In this piece we aim to delve deeper into this economics of the madhouse by looking at the consequences of austerity economics on personal debt. Far from austerity being a policy of reducing debt, it is simply a mechanism for transferring the debt burden (that governments incurred from bailing out the banks) to individuals. That personal debt trap damages the economy as a whole and makes people extremely vulnerable to a financial shock, but it does help one group in society – the bailed out banks, which suck up money in the interest paid on debt repayments in a great transfer of wealth from the poor to the rich.

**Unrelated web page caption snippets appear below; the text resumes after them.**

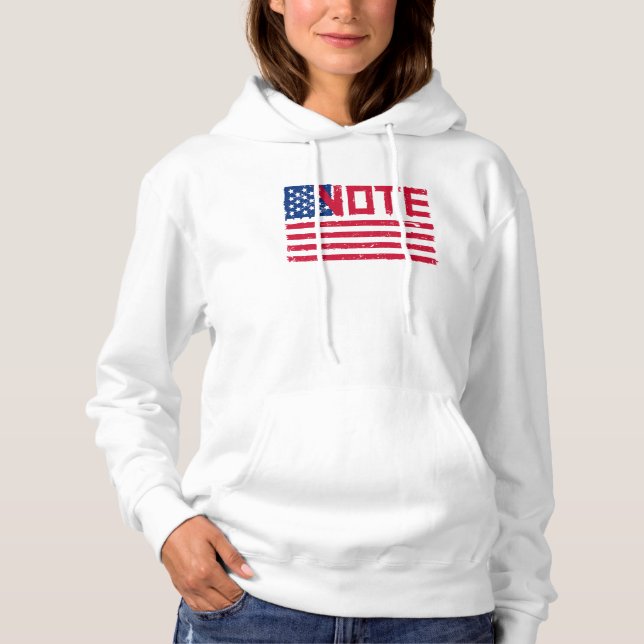 Pull À Capuche Vote avec vote avec drapeau américain (Devant)
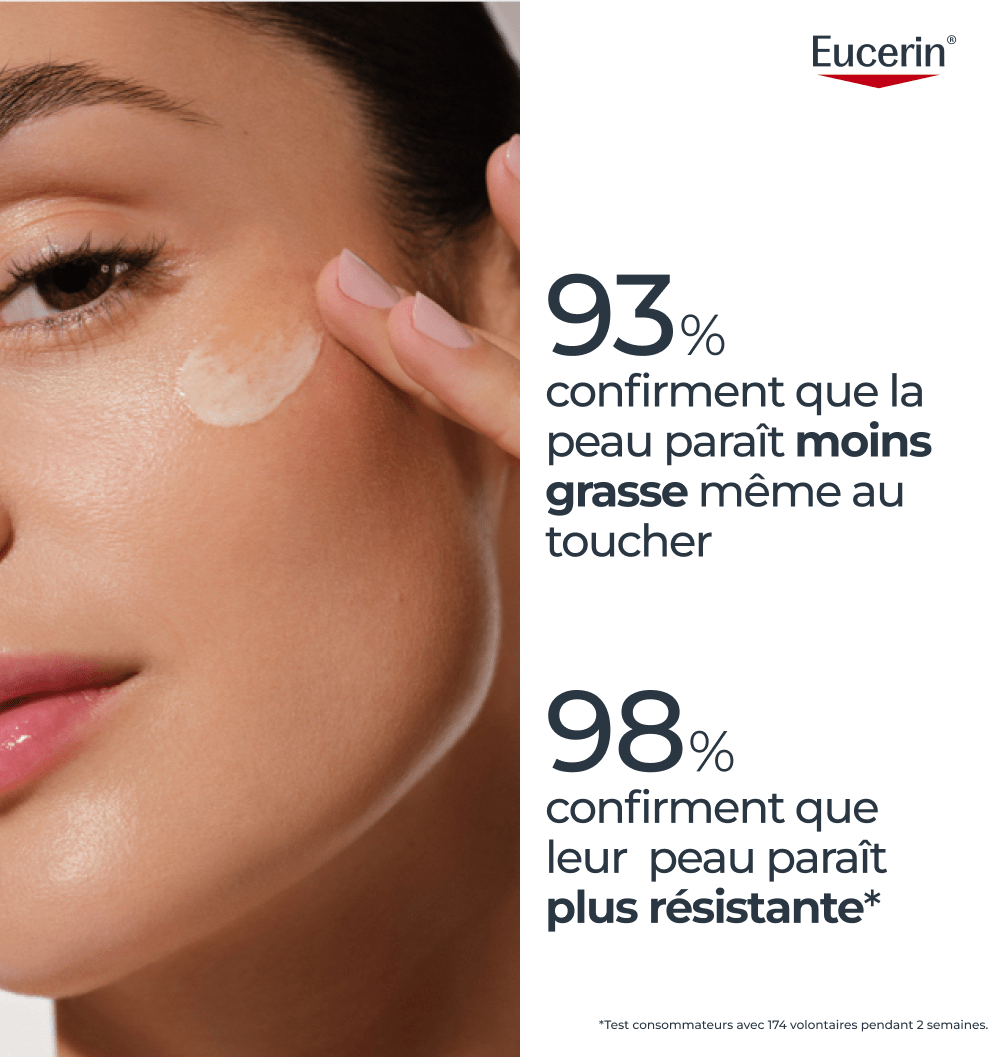 gros plan d’une personne appliquant le Sérum Oil Control Ultra-léger SPF 50+ d’Eucerin sur son visage.
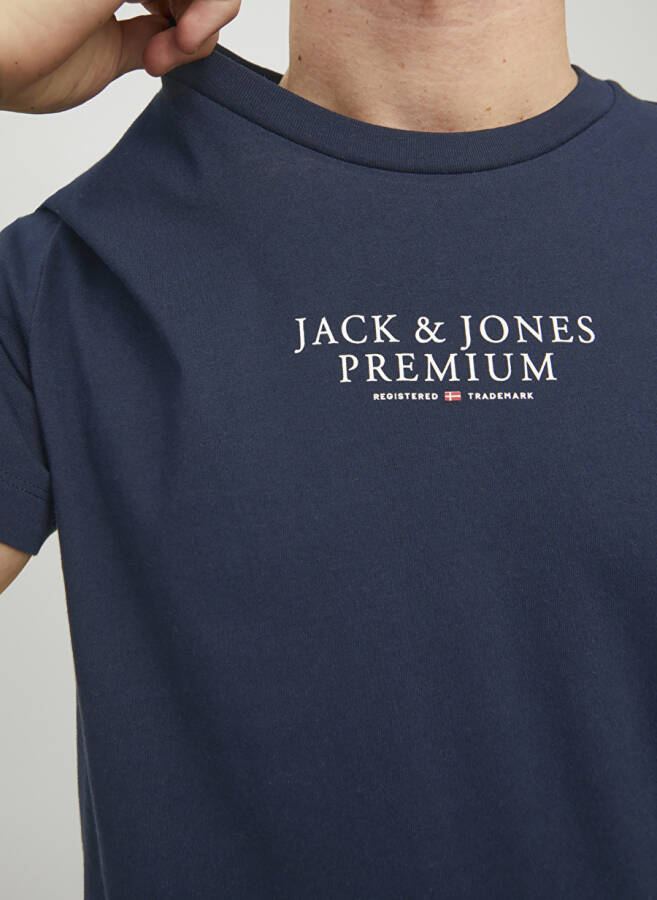 Jack & Jones Bisiklet Yaka Düz Lacivert Erkek T-Shirt - 2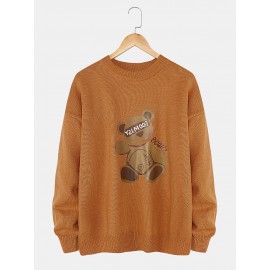 Mens Cartoon Bear Print Crew Neck Knit Casual Pullover Sweaters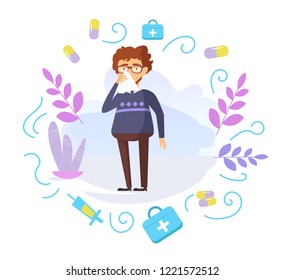 Man with runny nose, flu, cold Vector. Cartoon. Isolated art on white background. Flat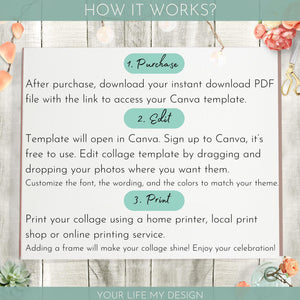 Class of 2026 Senior Tribute Memory Board | 7-Photo Graduation Photo Collage Template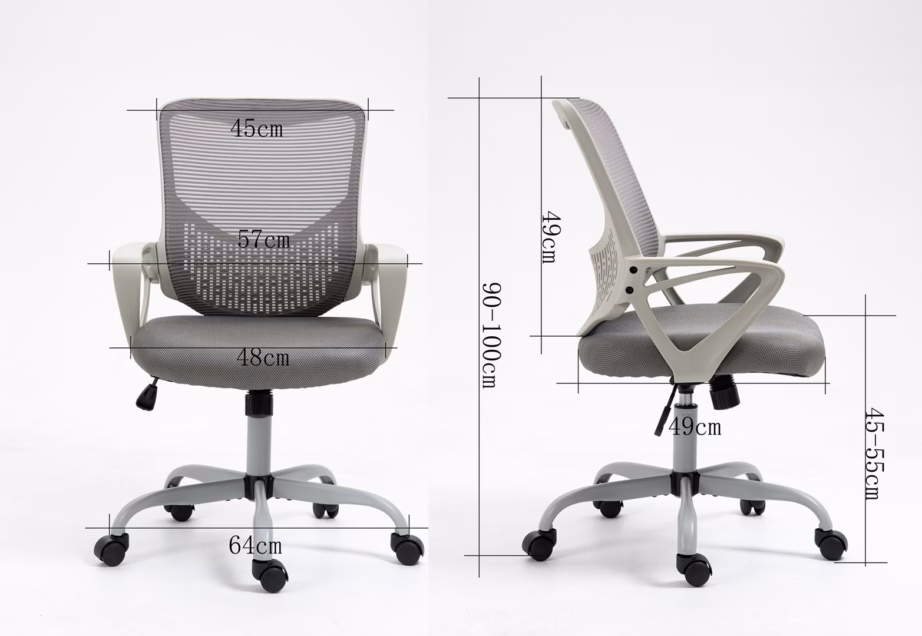 Võrkseljatugedega kontoritool Activejet YK507, hall, 45-55 cm istmekõrgus - 28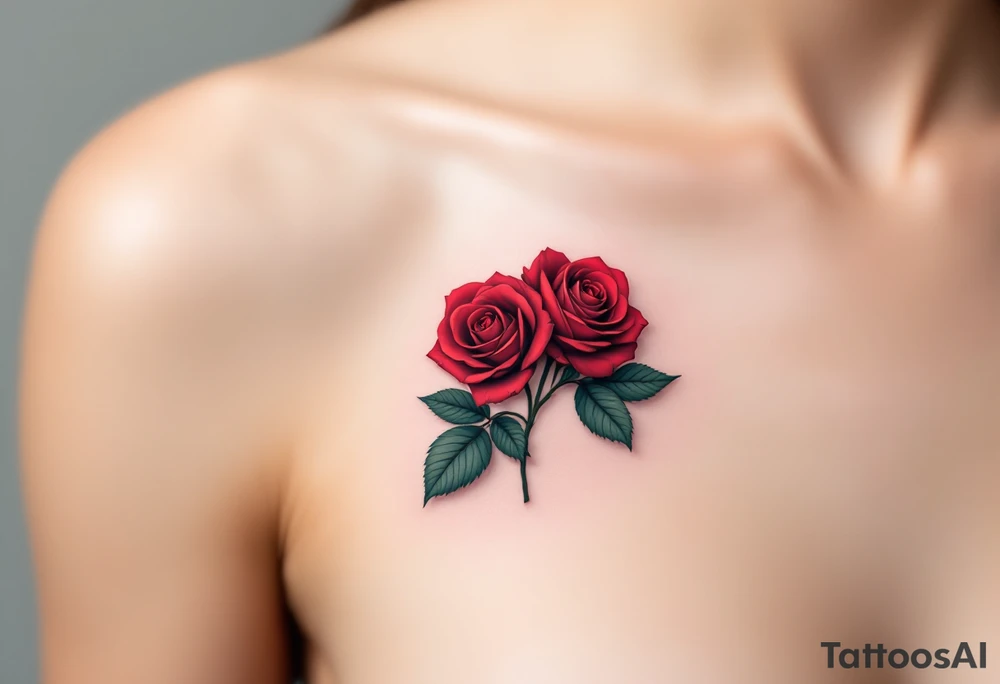 Tiny cluster of three red roses, tightly grouped with dark green leaves, drawn in a micro-realistic style. tattoo idea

Two reports published over the past week should make the scale of the problem absolutely clear. The Bank of England’s ‘statistical release’ for January shows the extent to which personal debt has risen over the past year (and especially the past few months).
Chart 9 clearly shows how personal debt has risen considerably since 2013, with a sharp increase over the past 3 months as the global economy has stuttered. The rise in consumer credit in January was the fastest in over a decade . This explains how, for example, retail sales have continued to rise while wages stagnate – unsustainable use of credit cards and loans.
Chart 7 shows how over the same period debt on house buying and re-mortgaging of existing properties has increased – rising house prices combined with flat lining wages inevitably drives increased personal debt. The fact that mortgage approvals are also at a two-year high at a time of stagnant wages suggests a bubble in the housing market.
Looking at bank credit from a more long-term view, the FT graph is revealing of the trend in increased credit since the crash as banks have returned to the same behaviour that had created the massive credit boom in the 2000’s prior to financial meltdown.
The picture in Scotland is no less ugly. A report by the Scotland Institute last week found that median household debt had increased by a whopping 65 per cent since 2008. While personal debt in Scotland is still one of the lowest in the UK , lower house prices means it is more likely increasing debt is being spent to cover everyday living costs.
The Scotland Institute’s table 3 is revealing of how nearly a decade of wage repression is making those near the bottom of the income bracket look elsewhere to maintain their income.
Look at the third lowest income decile in particular: the percentage of their income that comes from wages has more than halved from over 50% to just over 20%. At the same time, their reliance on social security has nearly doubled, rising from 36% to 66%. Far from the Tories claims to have introduced policies that reduce people’s need for welfare support, their wage squeeze has actually increased the working poor’s need for financial support from the state to keep their head above water.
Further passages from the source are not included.